Musieli się pomylić, okazjonalny Crunchips jest korzystny.
Crunch, czyli nadgodziny w pracy, nie są korzystne, bo prowadzą do wypalenia pracownika.
Ale tak to jest jak patrzy się na zysk krótkotrwały, a nie długotrwały.
Traktują pracownika jak coś co się zużyje i wymienią na nowy.
A potem mają problem, bo nie zrobi tego tak efektywnie jak poprzednik, ale co zarobi firma w danym kwartale, to ich. Inwestorzy się ucieszą.
Crunch to takie trochę magiczne słowo, które pozwala nieco rozwodnić cały proceder w oczach dziennikarzy czy graczy, a w rzeczywistości chodzi po prostu o wymuszanie na pracownikach setek czy nawet tysięcy morderczych nadgodzin (bo crunch w tej branży potrafi się ciągnąć latami). O ile odbywa się to na małą skalę i za zgodą pracowników, to jeszcze można to zrozumieć (w końcu taka jest charakterystyka tej pracy, że wszystko musi być zazwyczaj gotowe na miesiąc temu, bo terminy gonią, a robota w tyle), ale niestety w większości przypadków to się przeradza w patologię, która wypala pracowników, odbierając im pasję i zapał do pracy, niszcząc zdrowie psychiczne i fizyczne, a nawet rozbijając rodziny (bo męża / żony nigdy nie ma w domu).
A szefostwo Naughty Dog niech nie mydli oczu, bo nie bez powodu w branży nazywa się ich Crunch Dogiem, który nawet nie rekompensuje trudów pracy porządnym wynagrodzeniem.
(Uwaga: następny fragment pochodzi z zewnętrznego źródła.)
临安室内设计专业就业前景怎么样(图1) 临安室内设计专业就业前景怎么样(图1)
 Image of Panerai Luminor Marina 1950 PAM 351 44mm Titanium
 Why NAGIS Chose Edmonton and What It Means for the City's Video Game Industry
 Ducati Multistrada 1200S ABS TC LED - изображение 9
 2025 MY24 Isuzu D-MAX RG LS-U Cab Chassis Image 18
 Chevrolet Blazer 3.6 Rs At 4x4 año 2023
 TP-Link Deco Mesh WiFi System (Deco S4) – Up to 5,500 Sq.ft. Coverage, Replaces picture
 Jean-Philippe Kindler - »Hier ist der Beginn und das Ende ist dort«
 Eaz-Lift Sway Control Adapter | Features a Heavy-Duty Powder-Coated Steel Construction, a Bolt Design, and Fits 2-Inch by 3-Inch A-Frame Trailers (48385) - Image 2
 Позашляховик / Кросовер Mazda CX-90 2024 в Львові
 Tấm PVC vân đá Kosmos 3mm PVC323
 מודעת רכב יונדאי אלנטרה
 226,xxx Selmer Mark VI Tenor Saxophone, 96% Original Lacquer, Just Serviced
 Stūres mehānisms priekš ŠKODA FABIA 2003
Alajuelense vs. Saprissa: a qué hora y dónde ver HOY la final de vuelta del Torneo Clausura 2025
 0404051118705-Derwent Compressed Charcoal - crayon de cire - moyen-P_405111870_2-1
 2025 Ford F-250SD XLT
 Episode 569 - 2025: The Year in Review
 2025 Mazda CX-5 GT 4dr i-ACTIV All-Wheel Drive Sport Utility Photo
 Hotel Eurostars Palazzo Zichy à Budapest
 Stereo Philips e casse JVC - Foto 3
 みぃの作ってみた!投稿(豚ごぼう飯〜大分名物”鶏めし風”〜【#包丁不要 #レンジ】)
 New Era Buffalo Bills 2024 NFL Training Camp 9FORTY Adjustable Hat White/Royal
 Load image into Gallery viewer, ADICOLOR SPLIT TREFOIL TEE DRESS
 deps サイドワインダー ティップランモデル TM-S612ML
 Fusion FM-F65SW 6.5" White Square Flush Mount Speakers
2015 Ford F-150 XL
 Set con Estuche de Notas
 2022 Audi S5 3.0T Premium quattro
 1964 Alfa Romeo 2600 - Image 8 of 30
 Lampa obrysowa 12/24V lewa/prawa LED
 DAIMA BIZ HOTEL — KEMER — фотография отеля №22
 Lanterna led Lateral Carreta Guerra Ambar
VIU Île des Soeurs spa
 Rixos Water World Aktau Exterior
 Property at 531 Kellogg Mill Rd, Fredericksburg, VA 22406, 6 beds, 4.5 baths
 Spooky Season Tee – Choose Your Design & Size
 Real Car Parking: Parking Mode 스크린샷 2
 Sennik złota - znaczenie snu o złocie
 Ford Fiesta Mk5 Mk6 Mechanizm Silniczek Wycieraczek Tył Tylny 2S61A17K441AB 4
Kuszą utalentowanych ludzi prestiżową otoczką (praca z najlepszymi i możliwość brania udziału w tworzeniu hitów na miarę gry roku), a potem następuje zderzenie z rzeczywistością...
Każdy biorobot jest korzystny dla szefa. Najlepiej aby nie miał imenia a numer oraz żywił się saszetkami spał po 6 godzin w tym wc. Publicznie przyznawać się do chęci wyzysku innego człowieka to trzeba być debilem.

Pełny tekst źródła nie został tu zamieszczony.